*Collected data*:
· · · ·

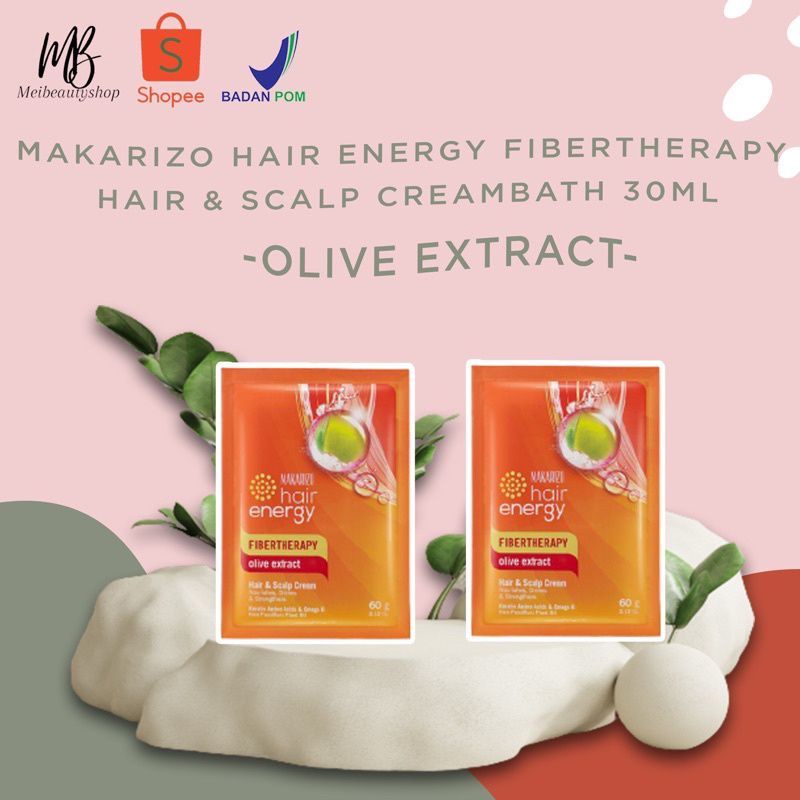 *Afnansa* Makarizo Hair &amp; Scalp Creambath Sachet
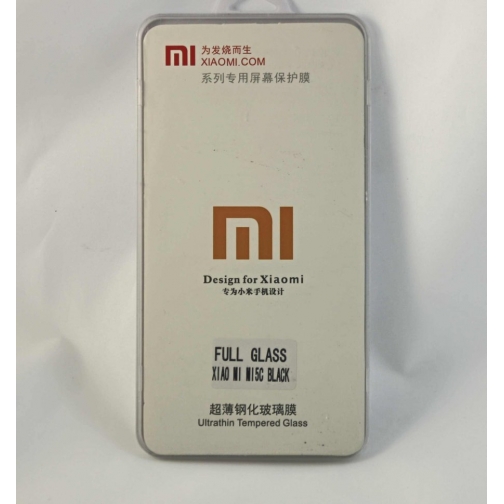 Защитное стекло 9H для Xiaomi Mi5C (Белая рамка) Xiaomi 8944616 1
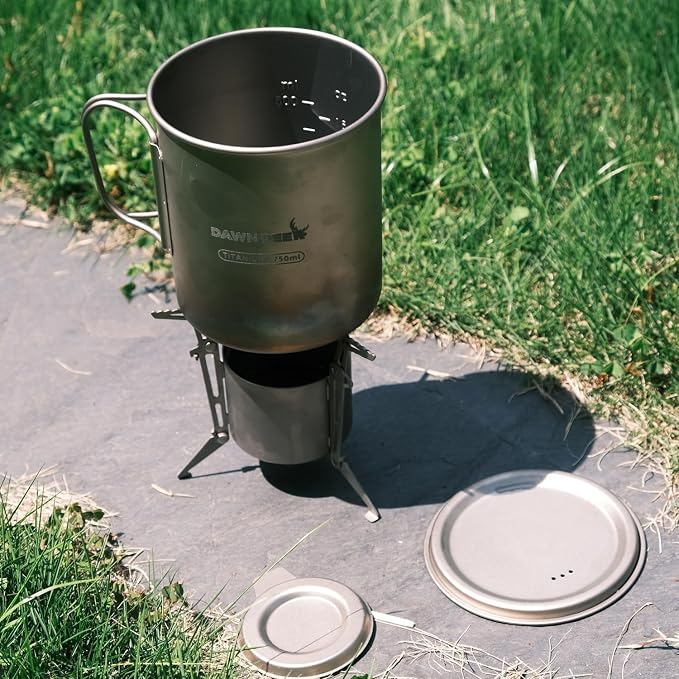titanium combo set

· · · ·

*What you should do*: Copy only this, please: the line with "Защитное стекло 9H" and every line after it through the end of the data, with no pictures.

*Reply*:
 Защитное стекло 9H для Xiaomi Mi5C (Белая рамка) Xiaomi 8944616 1
titanium combo set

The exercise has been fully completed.